▸ **Assigned task**: Would you transcribe the entries below, beginning at the line with "Reversible Hand-Printed Quilt- Luxe" and ending after the line with "Merry Christmas Needlework", exactly, with no picture and nothing more?

▸ **Excerpted data**:
*** Begin section ***

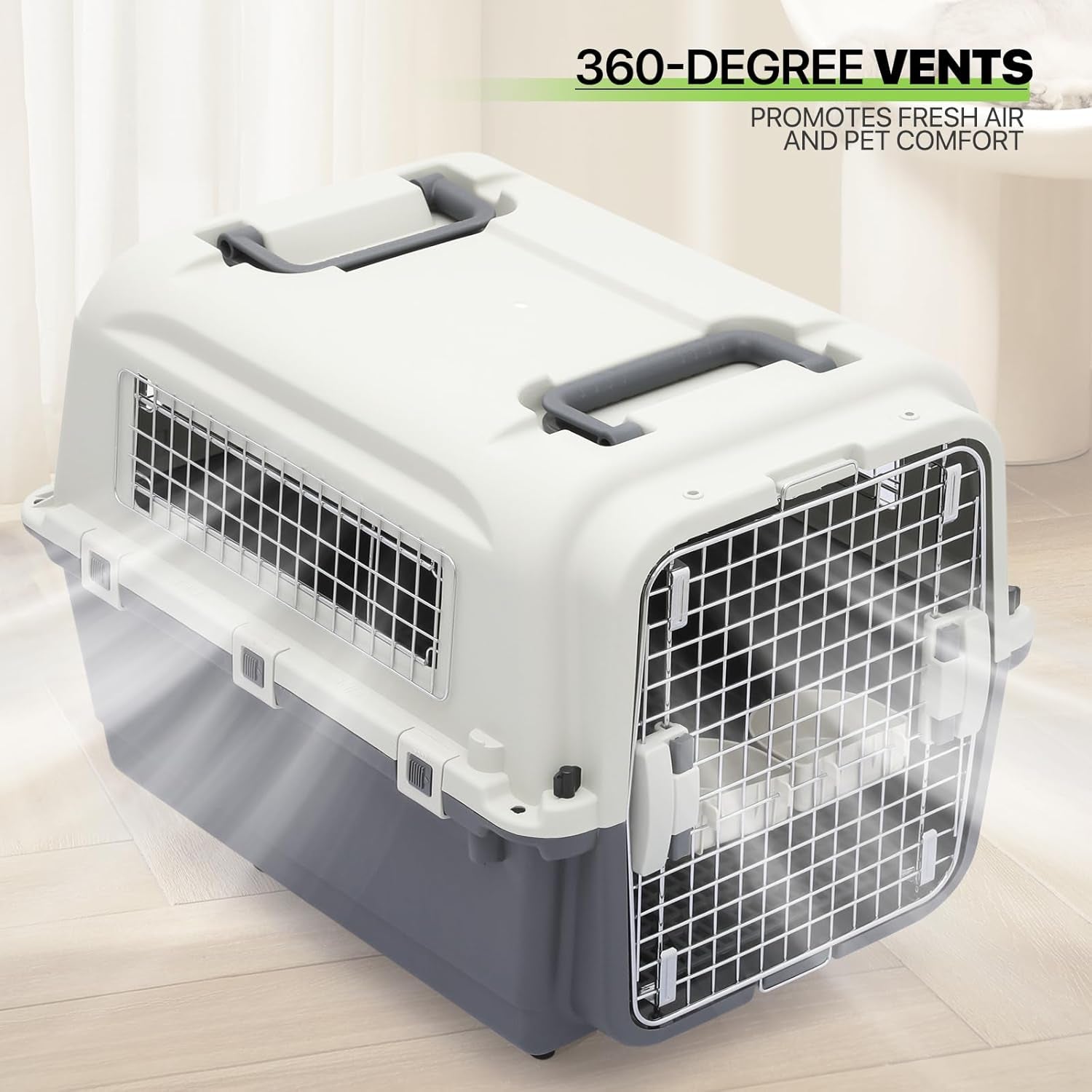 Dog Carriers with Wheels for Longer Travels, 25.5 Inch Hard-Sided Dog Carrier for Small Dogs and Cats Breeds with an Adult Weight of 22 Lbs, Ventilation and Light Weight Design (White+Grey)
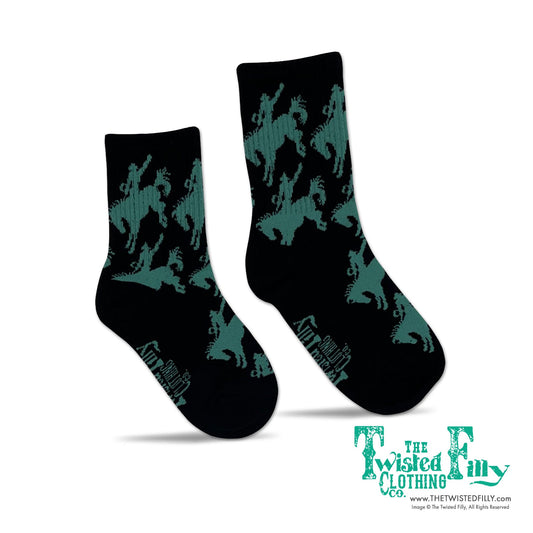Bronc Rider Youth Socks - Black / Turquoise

*** End section ***
*** Begin section ***

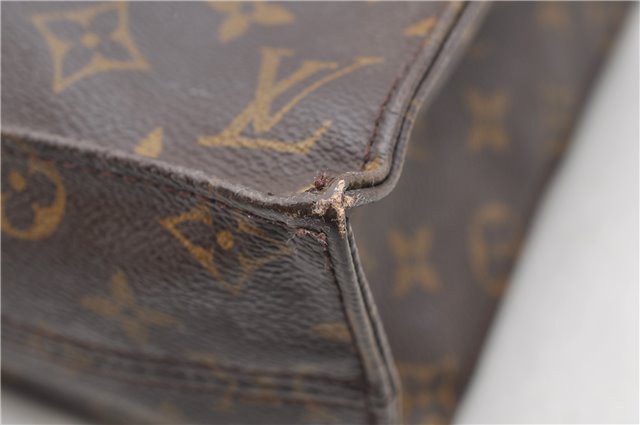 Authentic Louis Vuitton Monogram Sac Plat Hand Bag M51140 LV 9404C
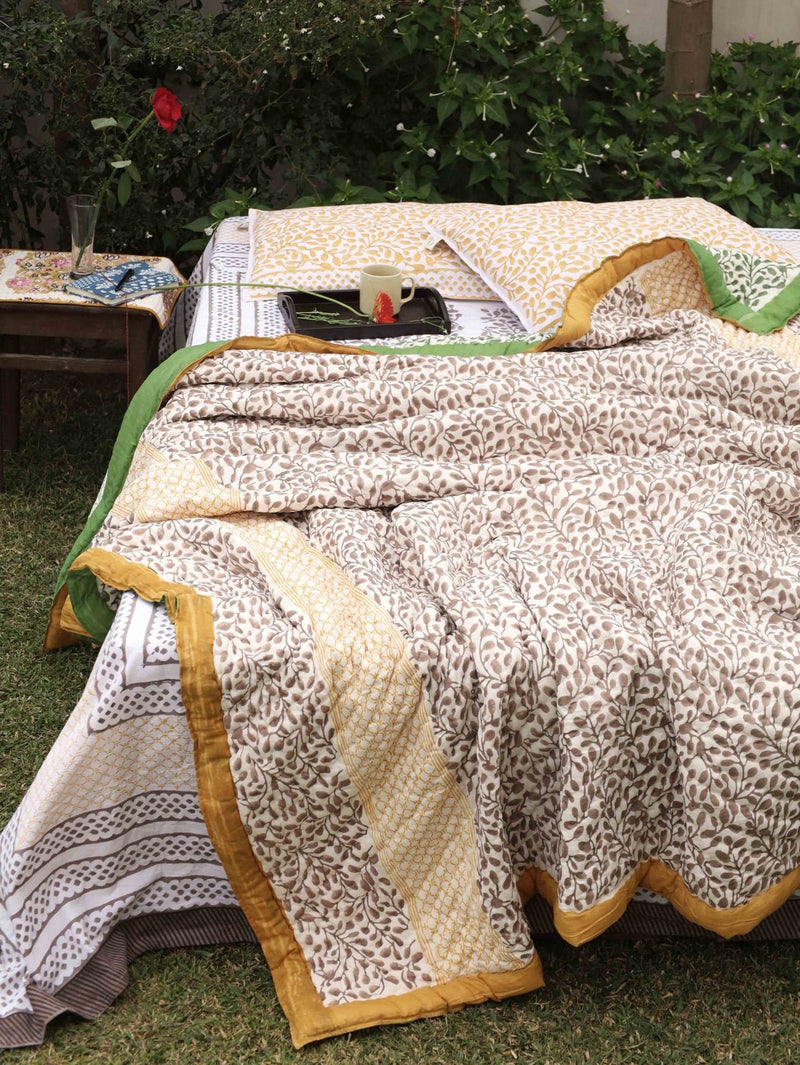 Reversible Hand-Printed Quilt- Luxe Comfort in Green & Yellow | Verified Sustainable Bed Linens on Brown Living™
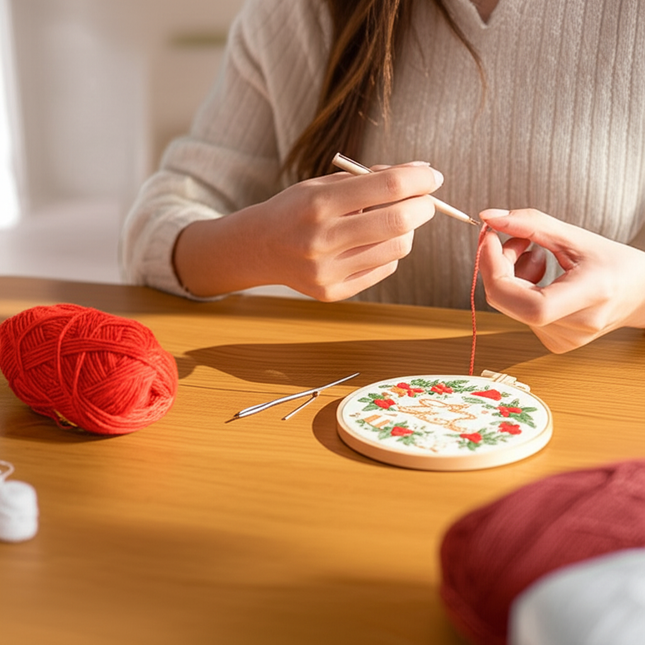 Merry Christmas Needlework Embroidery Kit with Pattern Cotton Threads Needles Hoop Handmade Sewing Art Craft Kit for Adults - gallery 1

*** End section ***

▸ **Answer to this exercise**:
 Reversible Hand-Printed Quilt- Luxe Comfort in Green & Yellow | Verified Sustainable Bed Linens on Brown Living™
 Merry Christmas Needlework Embroidery Kit with Pattern Cotton Threads Needles Hoop Handmade Sewing Art Craft Kit for Adults - gallery 1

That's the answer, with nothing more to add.